Paroon Chadha, co-founder and CEO of secure collaboration software maker Passageways, believes his company is already a global powerhouse and that conditions are right for his company to achieve meteoric growth reminiscent of the state’s most prominent tech successes. And based on the facts he laid out during our recent interview, he may just be right.

“Right now, the world’s largest companies, nonprofits, tech firms and Fortune 500 corporations are signing on as customers of our OnBoard board portal and OnSemble employee intranet products … and to be honest, we didn’t even know that some of them were in the sales pipeline,” Paroon said. “We have one of the largest addressable markets in front of us and we’re winning new customers at a rate of 40-50 each month.”

The large addressable market Passageways competes in is actually two different markets–the enterprise governance, risk and compliance market ($65 billion by 2025); and the enterprise collaboration market ($59 billion by 2023).
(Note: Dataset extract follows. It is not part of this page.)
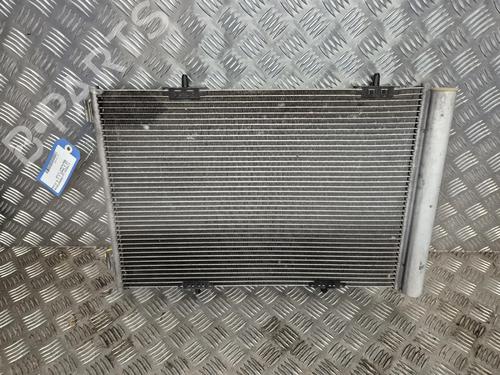 AC radiator CITROËN C3 III (SX) 1.5 BlueHDi 100 (SXYHYP, SXYHTU) | BP39896849M32 - Image 2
That’s a total addressable market value of $124 billion in the near future. By comparison, the global consumer electronics industry is currently worth about $301 billion and the email marketing industry is expected to reach $22 billion by 2025. And according to research by Wavestone, compared to just five years ago, employees across markets are involved in twice as many teams and 80% of working time is done through collaborative work.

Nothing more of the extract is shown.